Но все мысли путались, а разум в смятенье отказывался принимать случившееся, что отец мёртв. Нет, ведь не может этого быть? А мама сейчас – что? Тоже, вероятно умирает?
В который раз, подойдя к входной двери, она принялась звать на помощь. Сорвавшийся голос Лены стал тонким и хриплым, от крика болело горло. Она сдалась и шмыгнула носом, затем сжала кулаки и решила с отчаяния затопить квартиру.
Может быть, хоть так соседи снизу отреагируют и придут сюда.
Лена включила воду в ванну, затем заткнула сливное отверстие пробкой.
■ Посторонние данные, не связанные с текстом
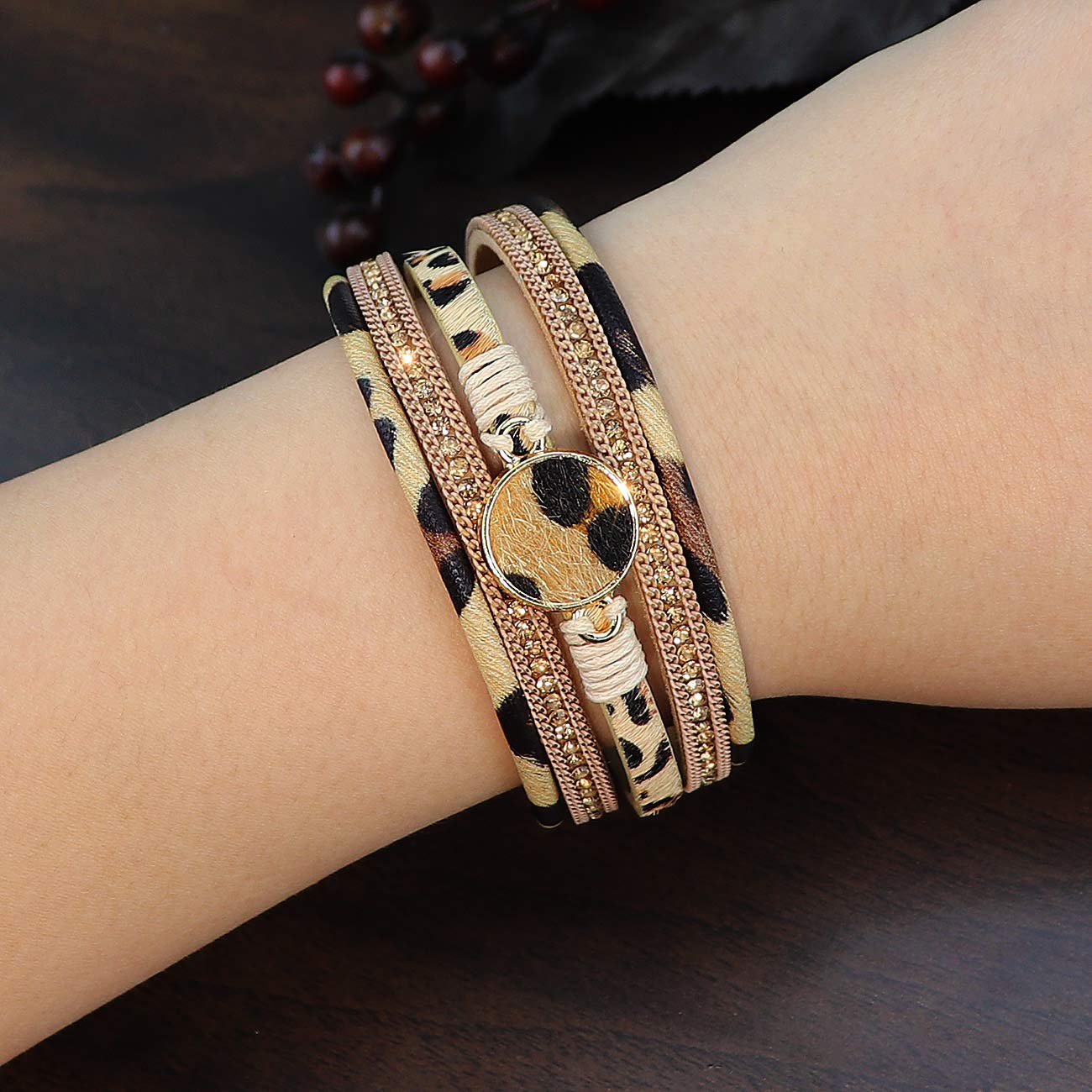 Wovanoo Leopard Leather Wrap Bracelets for Women Multilayer Cuff Bangle with Magnetic Buckle Gift for Birthday, Mother's Day, Valentine's Day Round Buckle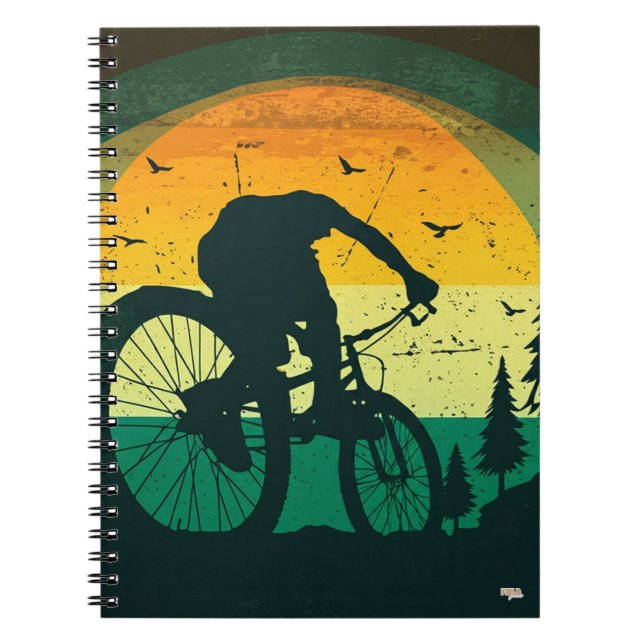 Cuaderno Retro Mountain Biking Adventure Sunset (Frente)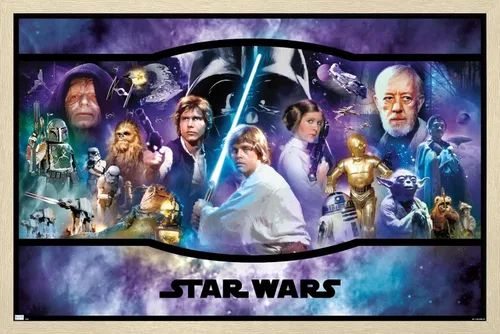Vista 7 de Star Wars: Original Trilogy - Póster de pared con bandera, 22.4 pulgadas de largo x 14.7 pulgadas de ancho, versión enmarcada de madera de granero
А после решительно залезла на антресоли – достать папин сундук с инструментами и вынуть топорик. Когда Марина вернётся, она даст отпор.
Оказалось, скорую помощь и вызвали именно соседи, а точнее – Лера Павловна, бухгалтерша, проживающая с двумя маленькими детьми и мужем, водителем погрузчика на складе. Когда Харитон Ильич показал в «глазок» своё удостоверение, она вышла на площадку, закрыв дверь квартиры, где громко работал телевизор, и усталым голосом произнесла:
- Спрашивайте. Только давайте побыстрее. Мне ещё детей купать и уложить спать надо.
Харитон Ильич достал блокнот, но тот, оказалось, вымок, поэтому он включил диктофон на смартфоне, предварительно спросив женщину:
- Не возражаете?
Затем участковый стал задавать вопросы, попросив вкратце рассказать как о самой пострадавшей, какой она из себя человек, так и о том, что, собственно, вообще произошло, в деталях.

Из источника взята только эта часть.